Activity: Word for word, reproduce the listing that follows, excluding any pictures it contains.

The records:

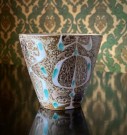 Baca Faience (RC Fience 721-3216) vase I matt glasert porselen- Nils Thorsen Aluminia Copenhagen Denmark 1963 thumbnail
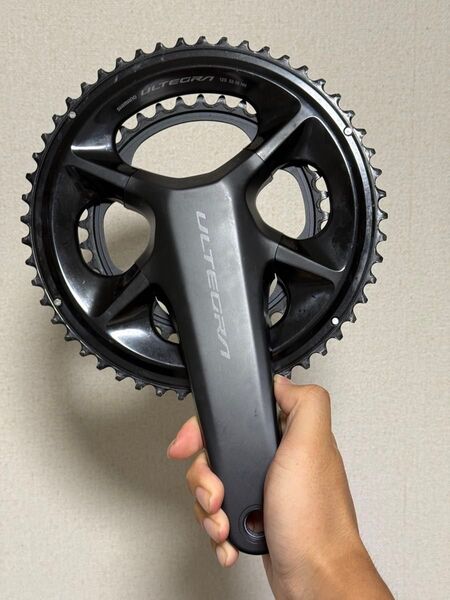 ULTEGRA Fc-r8100 Giant power pro パワーメーター 172.5 52-36t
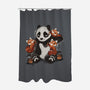 Panda Tattoo-None-Polyester-Shower Curtain-ricolaa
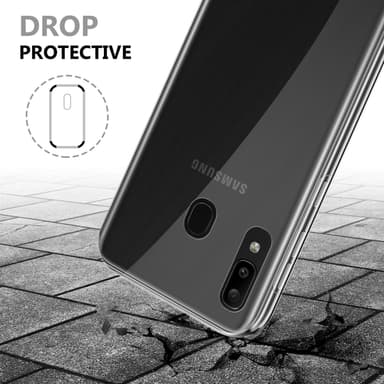 Samsung Galaxy A20 / A30 / M10s Suojakuori Cover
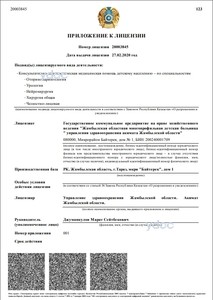 Лицензия Лицензия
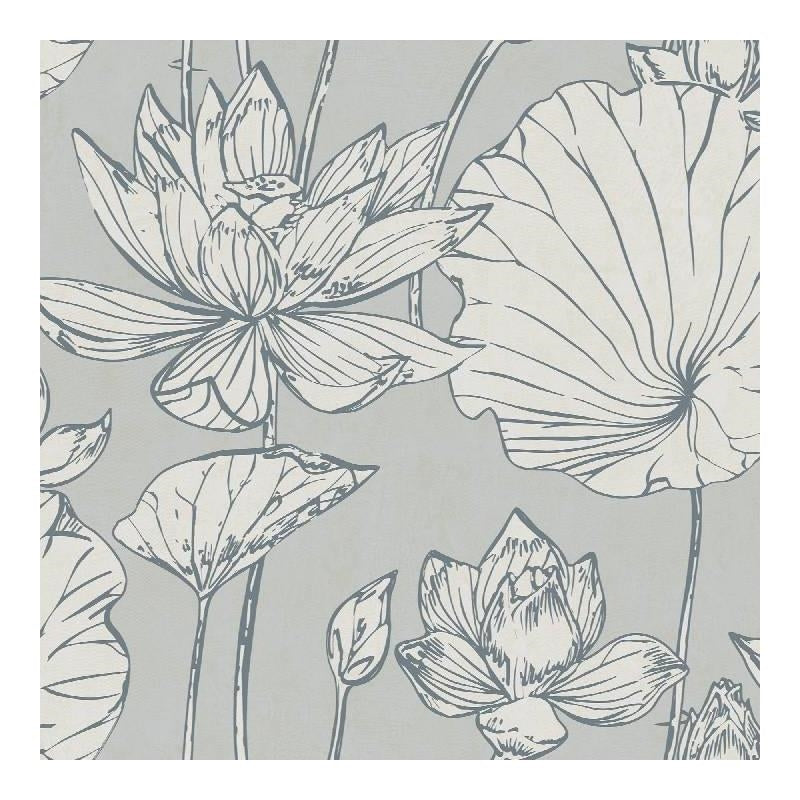 Sample AI42300 Koi by Seabrook Wallpaper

Output of the exercise:
 Baca Faience (RC Fience 721-3216) vase I matt glasert porselen- Nils Thorsen Aluminia Copenhagen Denmark 1963 thumbnail
 ULTEGRA Fc-r8100 Giant power pro パワーメーター 172.5 52-36t
 Panda Tattoo-None-Polyester-Shower Curtain-ricolaa
 Samsung Galaxy A20 / A30 / M10s Suojakuori Cover
 Лицензия Лицензия
 Sample AI42300 Koi by Seabrook Wallpaper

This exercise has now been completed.